───── Data to examine ─────

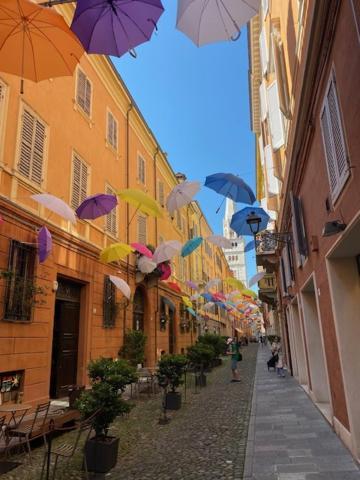 Appartamento Pekoe Модена Экстерьер фото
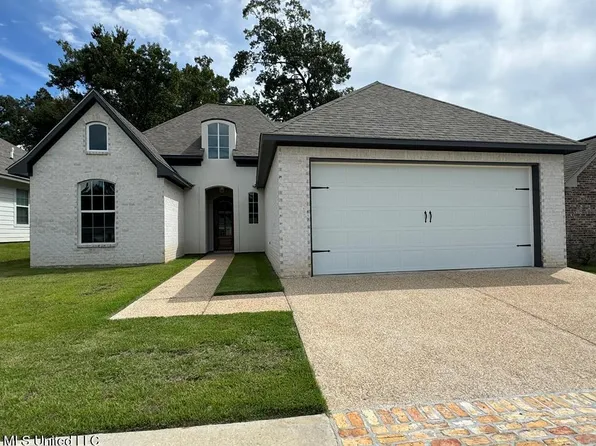 14 Ashburn Woods Ave, Natchez, MS 39120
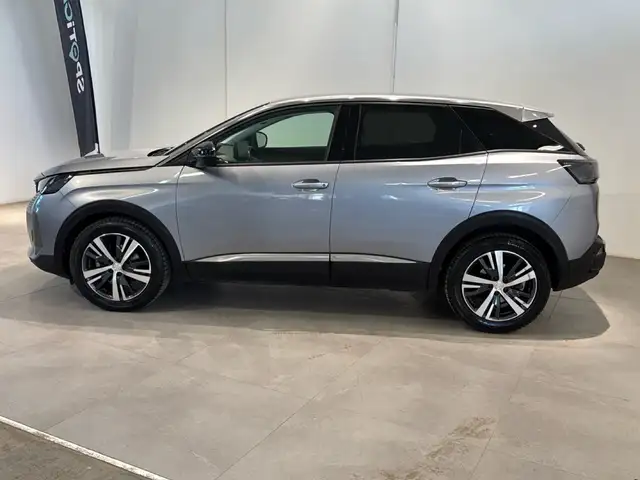 Peugeot 3008 view 7
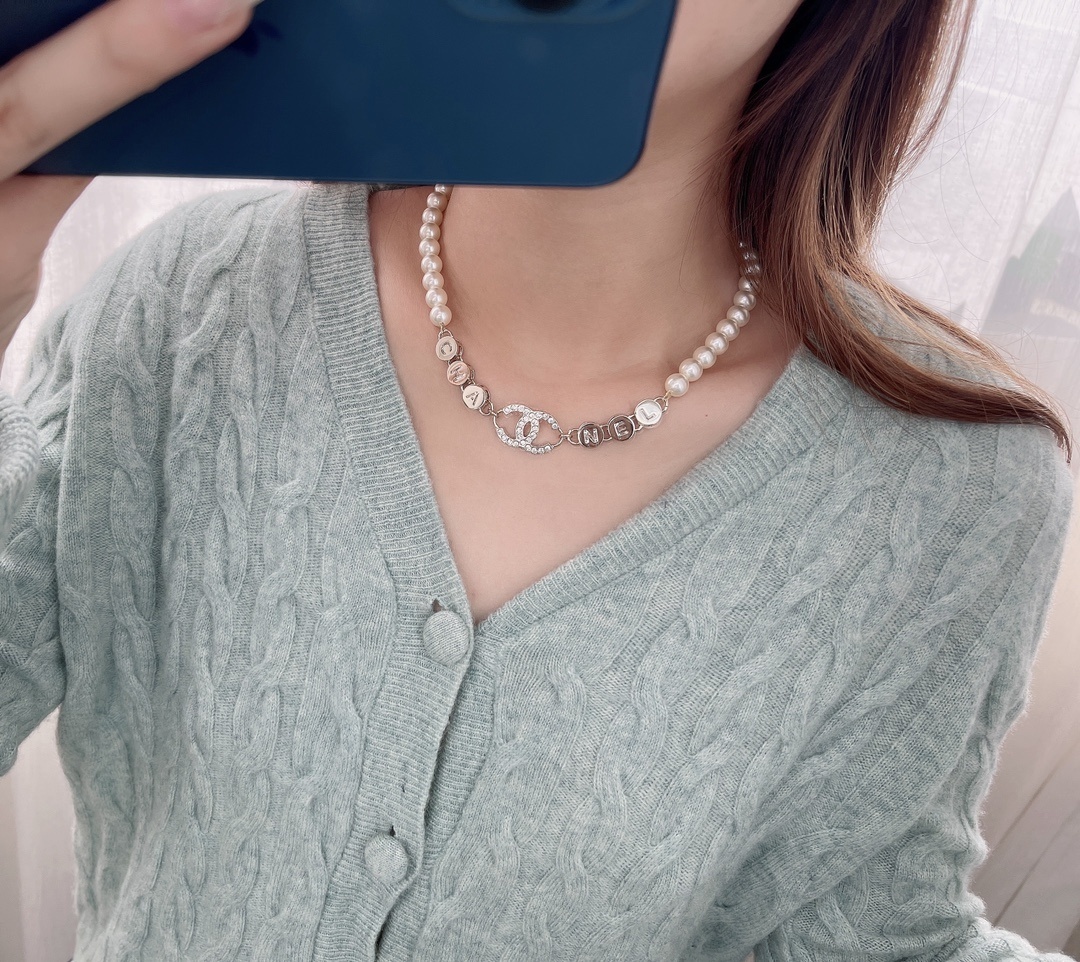 Luxury Pearl Choker with Crystal Interlocking CC & Chanel Charms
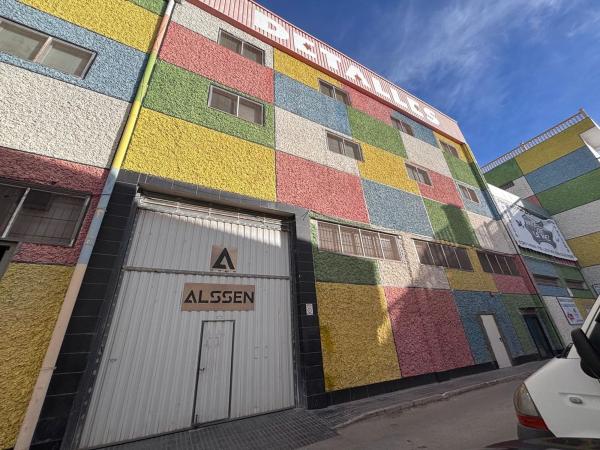 Nave en calle Gandia photo 1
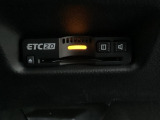 ハンドルの左下にETC2.0がついています。高速道路の料金所の通過も楽々です。 カードの取り出しもしやすい場所についています。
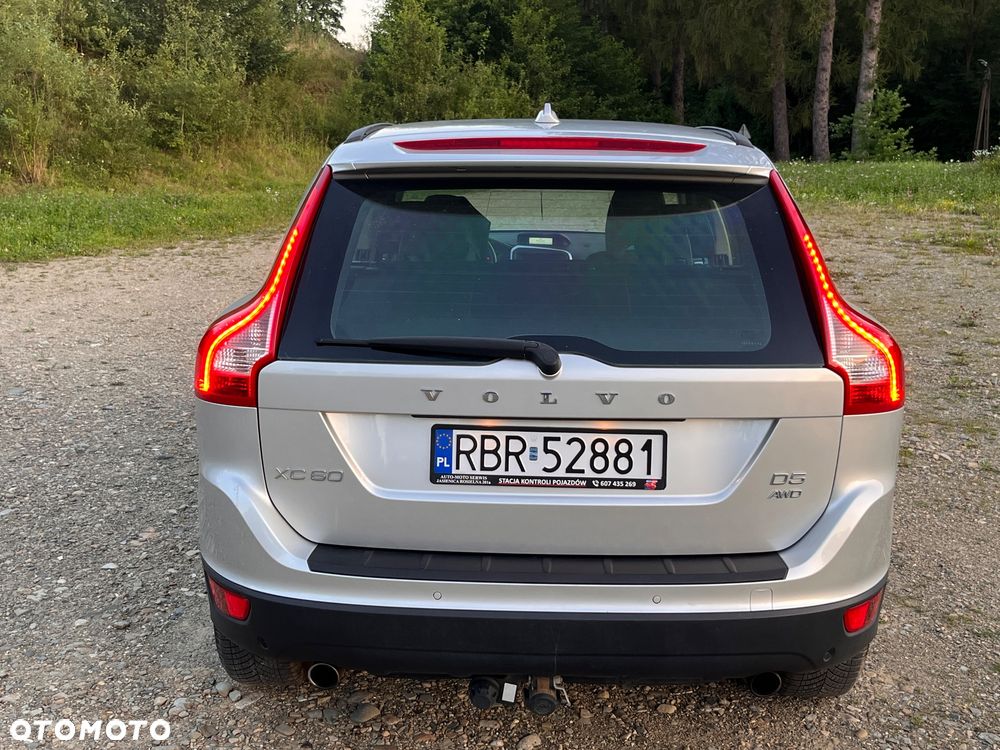 Volvo XC 60 D5 AWD Momentum - 6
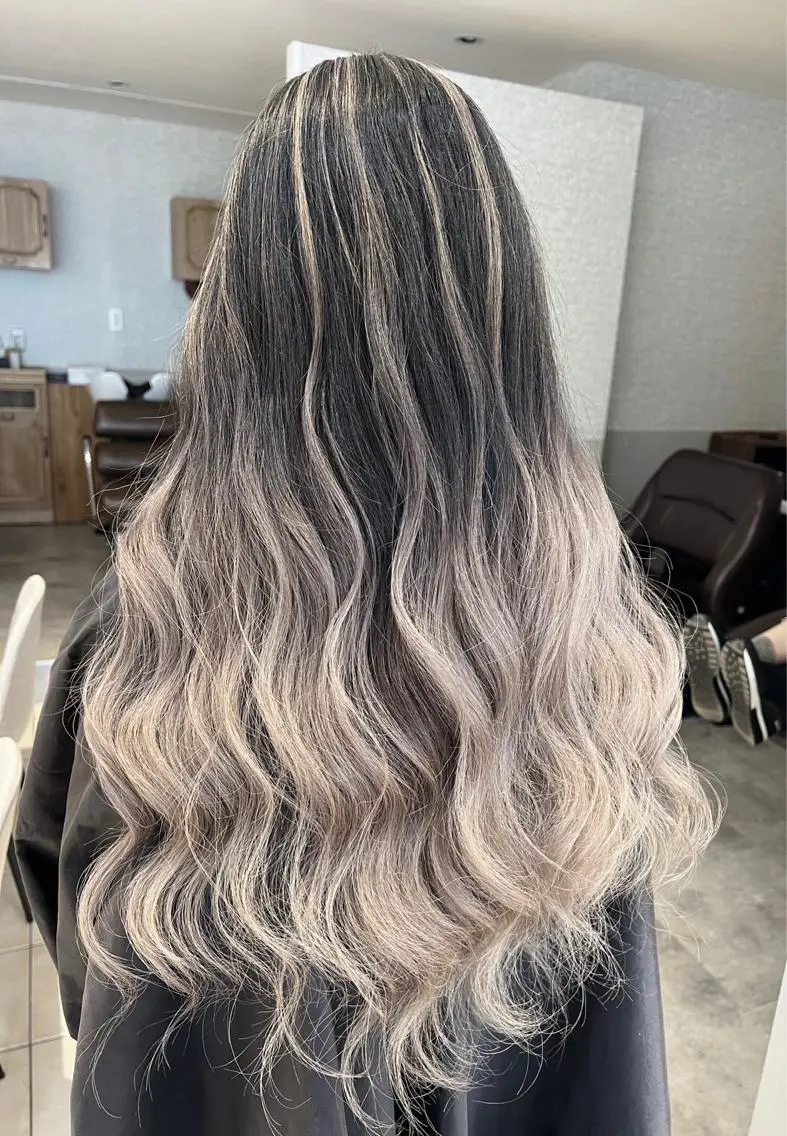 ロング カラー ベージュカラー グラデーションカラー ハイライトカラー ホワイトベージュ ハイライト 指名数No.1 /NAOYAのヘアスタイル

─────

● Work to be completed
Take the line containing "Peugeot 3008 view 7" and every line after it through the end of the data, and write them out exactly, with no pictures.

● Answer space
 Peugeot 3008 view 7
 Luxury Pearl Choker with Crystal Interlocking CC & Chanel Charms
 Nave en calle Gandia photo 1
 ハンドルの左下にETC2.0がついています。高速道路の料金所の通過も楽々です。 カードの取り出しもしやすい場所についています。
 Volvo XC 60 D5 AWD Momentum - 6
 ロング カラー ベージュカラー グラデーションカラー ハイライトカラー ホワイトベージュ ハイライト 指名数No.1 /NAOYAのヘアスタイル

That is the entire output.